Simm has had his moments, too. He went a bit "ballistic" clubbing and taking ecstasy in the 1990s (he had to give up clubbing when Human Traffic fans started making his life a misery), but he says he is alienated by youth culture today. "I don't recognise kids any more: they've started going crazy and knifing and shooting each other." In the old days, he says, you got a clip round the ear. "My five-year-old's already going bang-bang-bang with his Power Ranger and chopping people's heads off. When I was five it was the Clangers and Sooty. There's no innocence any more. I feel really sorry for them."

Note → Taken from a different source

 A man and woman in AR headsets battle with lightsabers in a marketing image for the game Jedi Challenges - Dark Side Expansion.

These days, just having Simm's name above the titles is a guarantee of quality. When the producers first pitched Life on Mars, they suggested Neil Morrissey and Ray Winstone as the leads. No one got too excited. But when Simm's name came into the frame, it was snapped up.

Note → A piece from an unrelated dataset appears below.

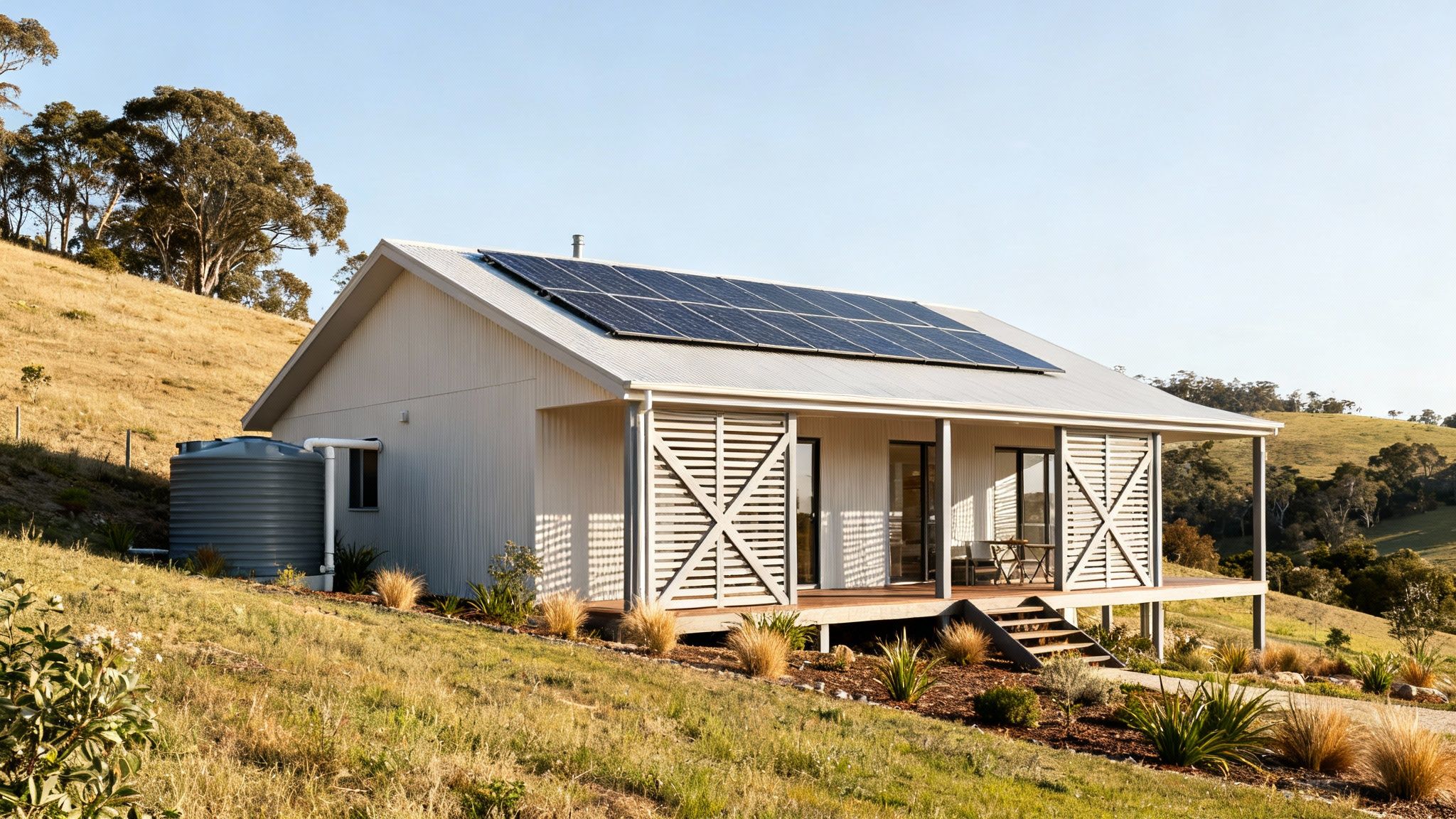 A modern, white rural house with solar panels and a water tank on a grassy hill.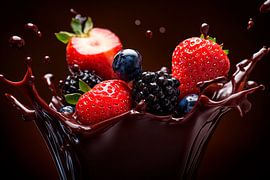 Fruchtige Explosion in Schokoladensauce von Poster Art Shop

The series returns on Tuesday. Audiences love the rollicking un-PC humour and 1970s jokes, but there is ambiguity, too. Has Sam really gone back to the 1970s, or is he in a coma - or dead?

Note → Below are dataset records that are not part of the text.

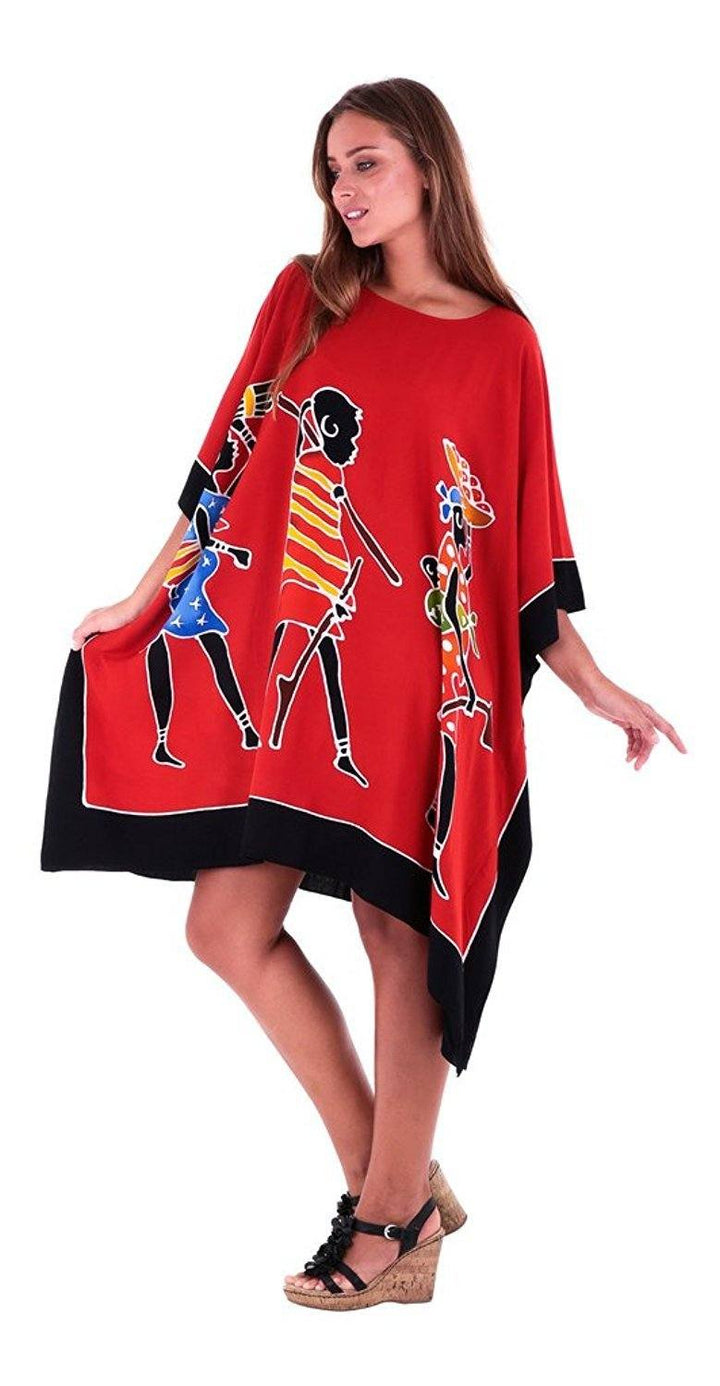 SHU - SHI Women's Short Kaftan Dress - Hand - Painted Tribal Poncho Tunic, Plus Size Swim Cover - Up - Love ShuShi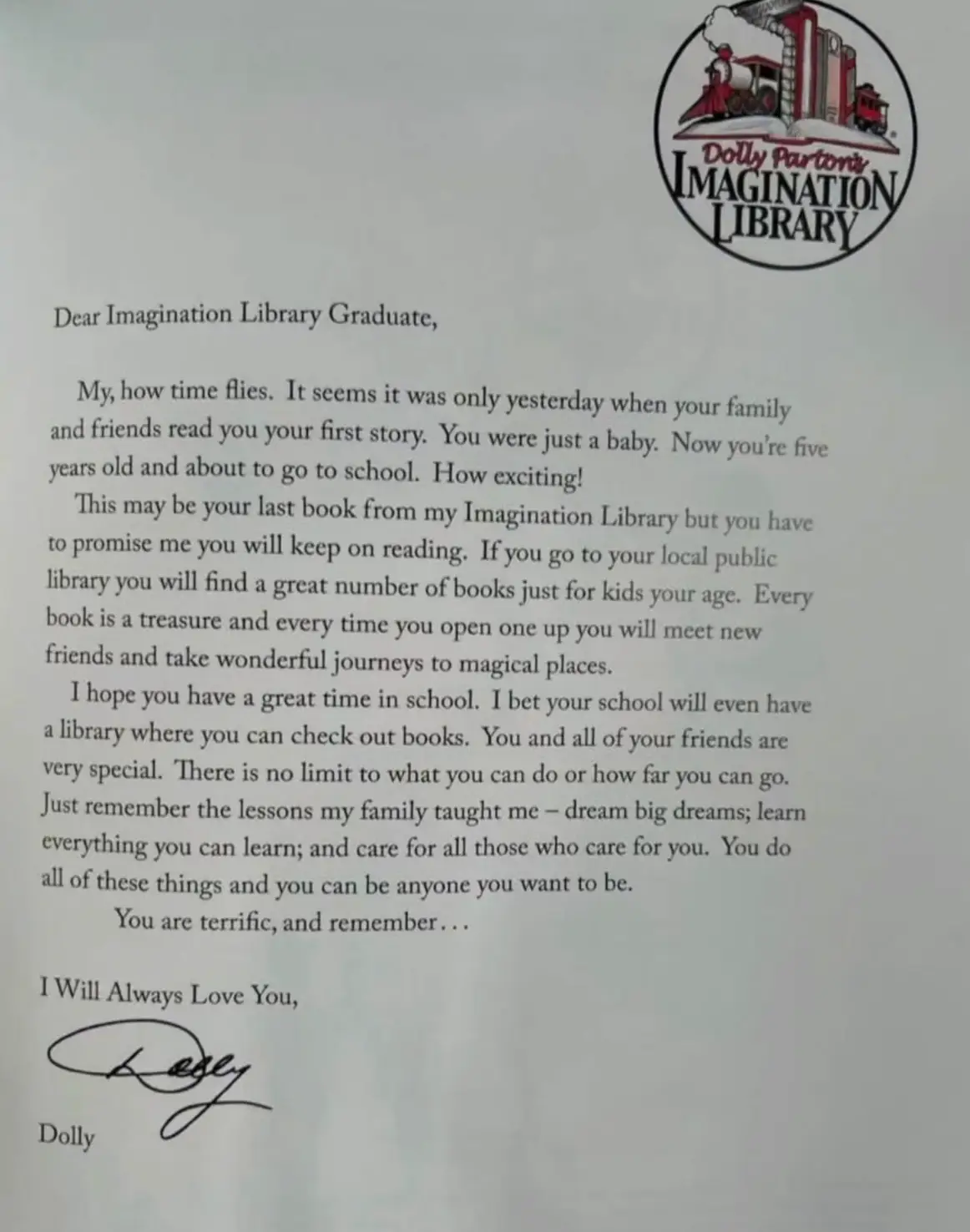 Parton's final letter has been shared (Imagination Library)
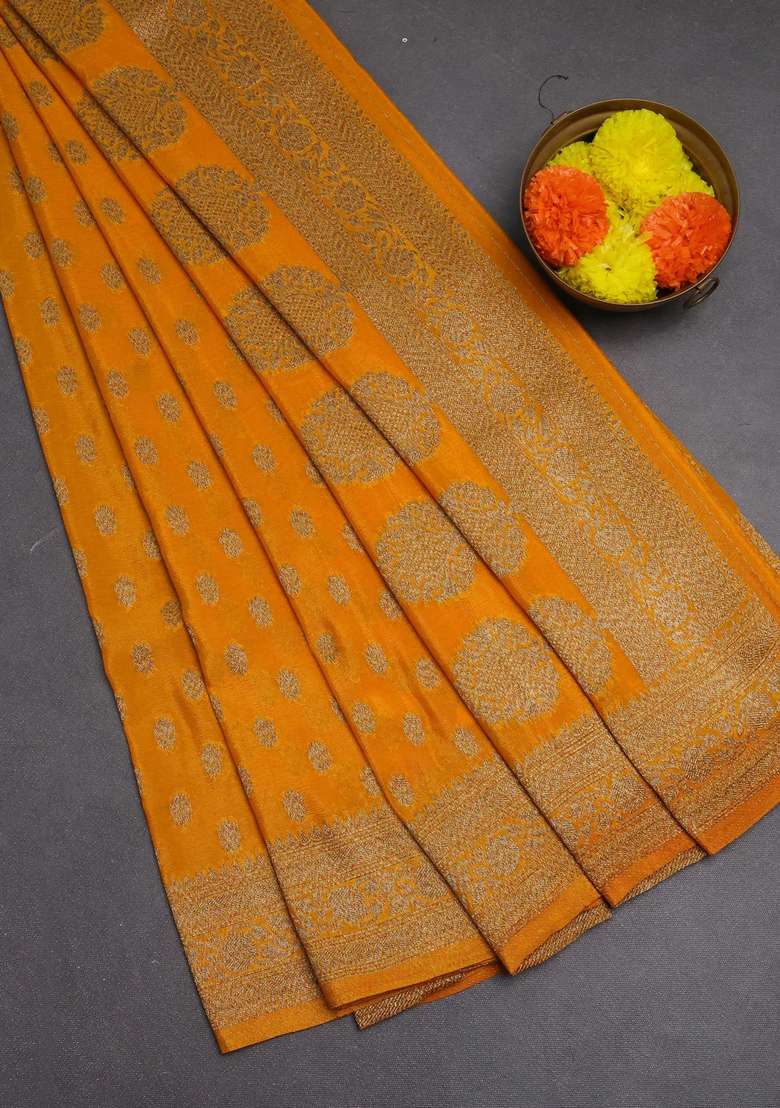 Banarasi Semi Crepe Saree Mango Yellow With Allover Woven Buttas And Woven Border With Buttas And Brocade Design For Women - Indya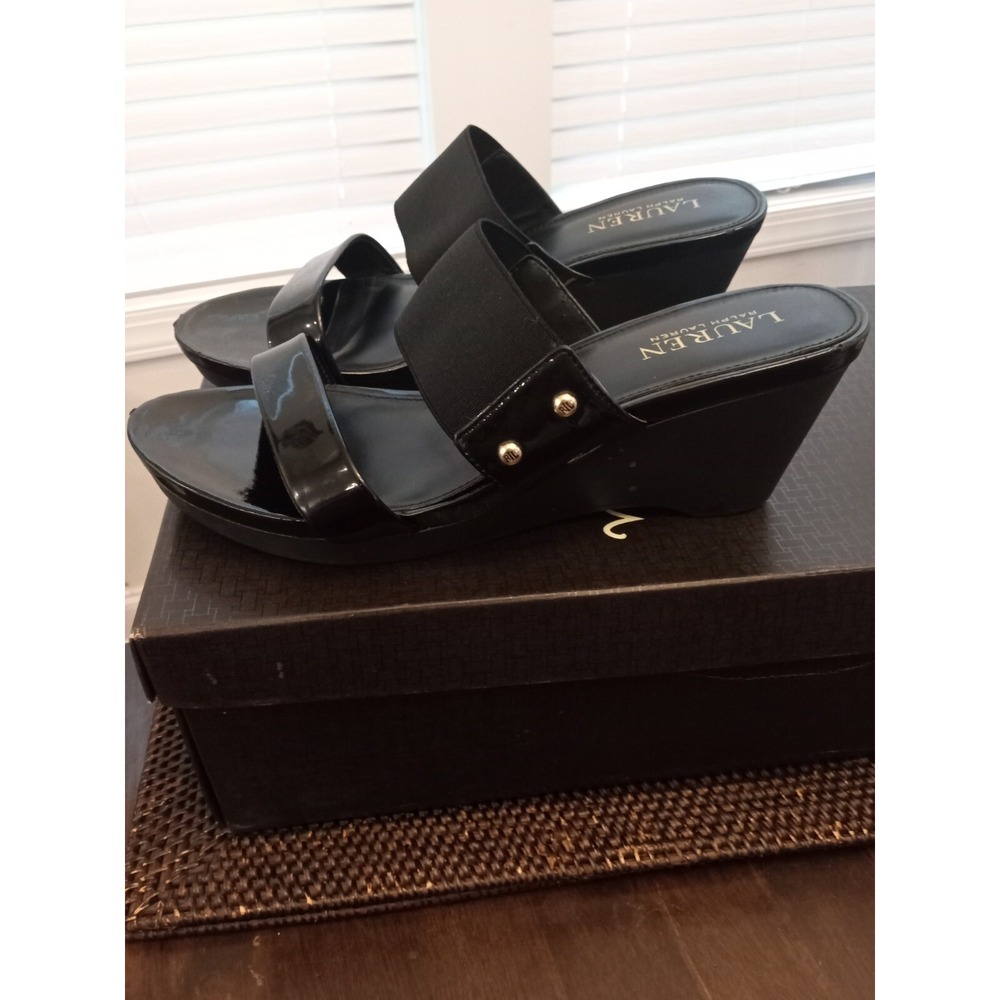 Lauren Ralph Lauren Womens  Size 8½ Rhianna Leather Stretch Wedge Sandals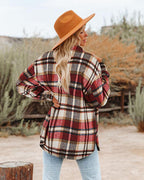 Damen Karierte Baumwolljacke im lässigen Oversized-Schnitt EB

Simm believes the series appeals to a key fantasy. "Everyone dreams about going back in time and meeting their parents when they were young. It's that thing of 'could you change the future?'"

Although he promised himself a long break after Life on Mars, he was immediately offered the chance to play Van Gogh in the Channel 4 film The Yellow House, opposite John Lynch as Gauguin. "There was no way on earth I could turn it down. The day before they told me, I had a beard, but I shaved it off to have a facial and go on holiday. When I heard I'd got the job, I was frantically looking in the mirror and going, "grow, grow". He also went on a crash diet to get his favourite artist's emaciated look.

Although the BBC is planning a spin-off to Life on Mars - called Ashes to Ashes, set in the 1980s and starring Glenister, Simm is bowing out. "My instinct tells me not to hang around too long."

He'd like to do some comedy "in warm weather - preferably on a beach. I always seem to be doing drama in horrible brick locations." And for years he's been dying to play a proper villain or a serial killer. The problem is Simm still looks 35 going on 15, but finally he's got the chance: he's just been cast in Dr Who - as the Master, the Doctor's evil nemesis. He'll be quite brilliant, of course, but heaven knows how he'll cope with a whole new horde of obsessive Tardis fans.

'Life on Mars' resumes on BBC1 on Tuesday at 9pm. 'The Yellow House' is on Channel 4 in April

Biography: The route from Leeds to Mars

Married to actress Kate MacGowan. The couple have a son, Ryan, aged five.

1970: Born in Leeds, grew up in Nelson, Lancashire. Attends Blackpool Drama College, then the Drama Centre in London.

1992: Makes his TV debut with a role in Rumpole of the Bailey.

1995: WinsBest Actor at Valencia Film Festival for Boston Kickout. Appears in Cracker.

1997: Stars in Jimmy McGovern's The Lakes.

1999: Film roles in Human Traffic and Wonderland.

2000: Features in Clocking Off.

2002: Plays New Order frontman Bernard Sumner in 24 Hour Party People and Raskolnikov in the BBC's Crime and Punishment. Sings on stage with New Order.

2003: Stars in State of Play with Bill Nighy and David Morrissey.

2004: Takes the lead in Channel 4 drama Sex Traffic.

2006: Plays Detective Inspector Sam Tyler in Life on Mars.

Likes: The Beatles, Ian Brown, Manchester United, Van Gogh, good manners, family life.

Dislikes: Heat magazine, tabloids, bigots, Arsenal, being away from his family.